Professor of Politics and Gender

Sarah Childs, Professor of Politics and Gender, University of Bristol

Men’s over-representation and women’s under-representation in the UK Parliament is pretty well known, even if the public sometimes over-estimates just how many women MPs there are, bedazzled by their bright clothing in the Chamber. In fact, men outnumber women by more than 4:1.

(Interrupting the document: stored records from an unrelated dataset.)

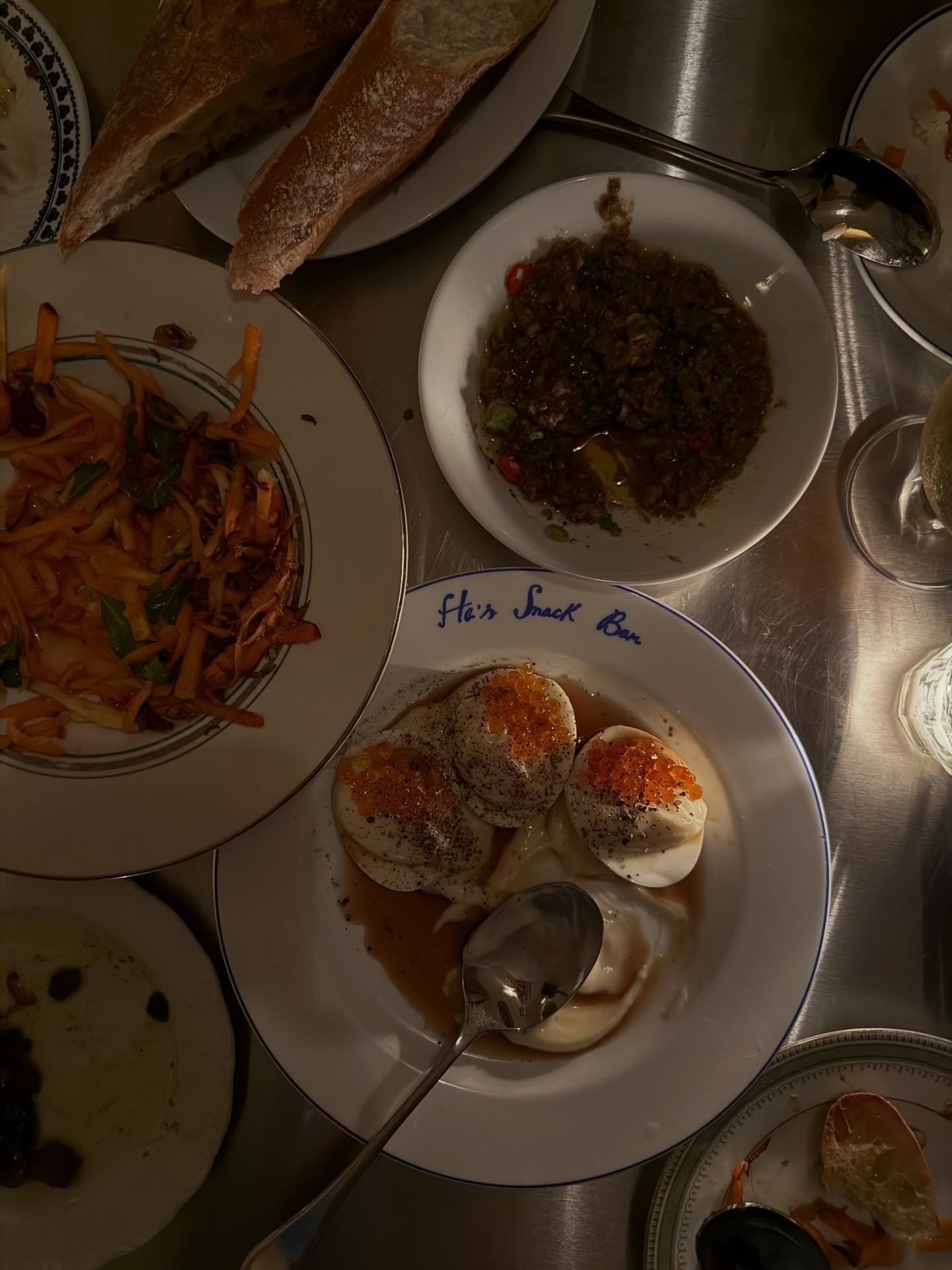 I was in nyc recently and here are some of the best things I ate! Let me know what I need to try next time! 
1. My whole meal at @has_dac_biet - but esp these eggs!
2. Chai sticky bun @libraebakery 
3. Tuna melt and matzoh ball soup @sandplunch 
4.  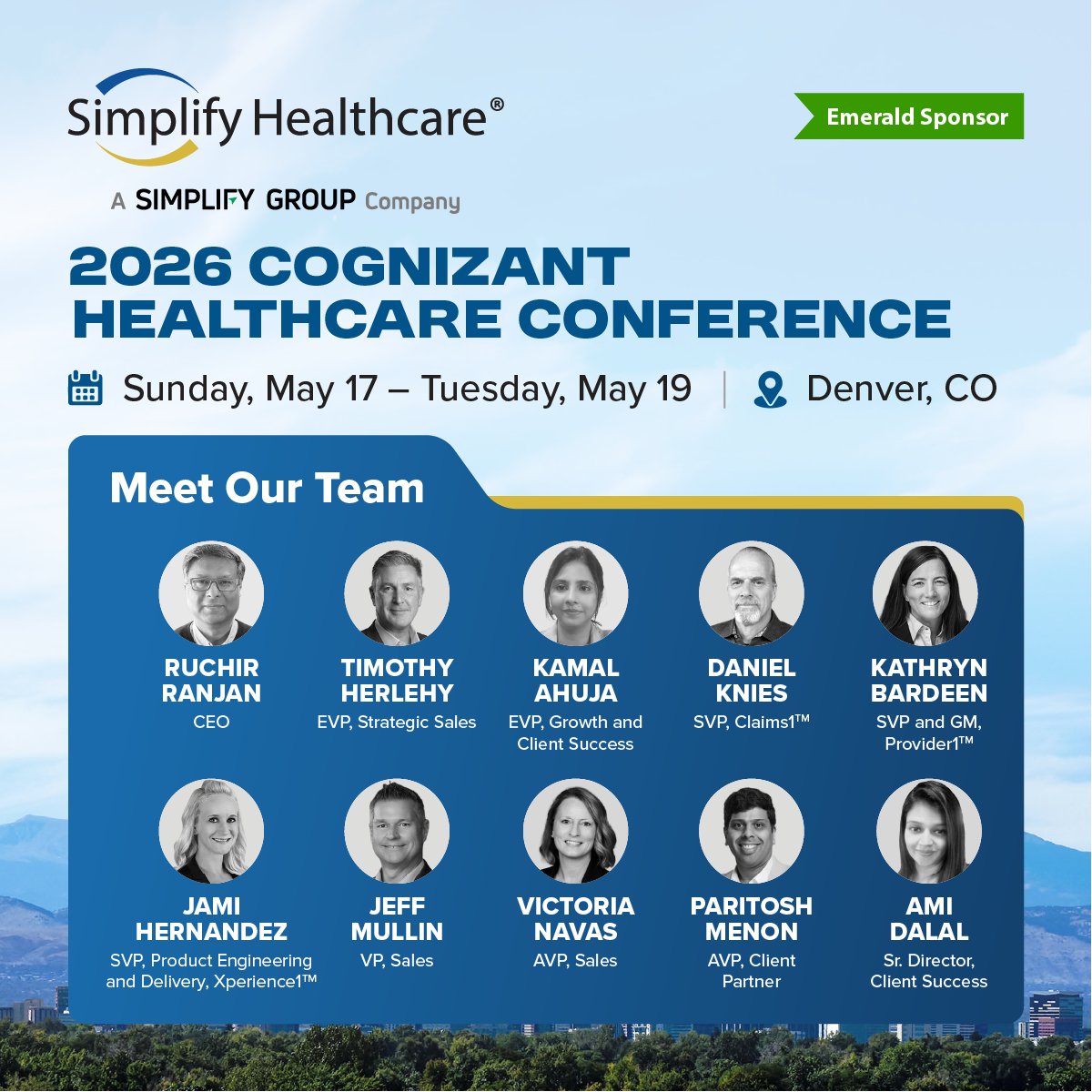 SimplifyHCare's tweet photo. Heading to the 2026 Cognizant Healthcare Conference?

Join @SimplifyHCare for two sessions on modernizing claims configuration and provider data management, plus meet our team on-site.

Register: https://t.co/5B3KU4PWRT https://t.co/7qBVz9dD7F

Some people may not find this particularly troublesome. Lord Hurd has recently been cited saying that there is a “ludicrous” obsession with ensuring there is equal representation of men and woman in parliament and other areas of public life. We believe very strongly that a diversity of background and experience does matter. And there’s another serious flaw with the Hurd line of reasoning. He says that if voters didn’t want a “good looking chap from a public school” as prime minister they wouldn’t keep choosing them. But the reason feminists have campaigned for All Women Short-lists as a means to get more women at Westminster is precisely because it’s political parties not voters who choose our candidates and party leaders. We the voters don’t get to choose our parliamentary candidates, and therefore who our MPs, are. The reasons there are too few women in politics stems from both a lack of demand for and supply of women candidates: voters don’t punish women candidates. But in the absence of equality measures such as Labour’s All Women’s Shortlists, parties are much less likely to select women in winnable seats, even if fewer women seek selection as parliamentary candidates overall.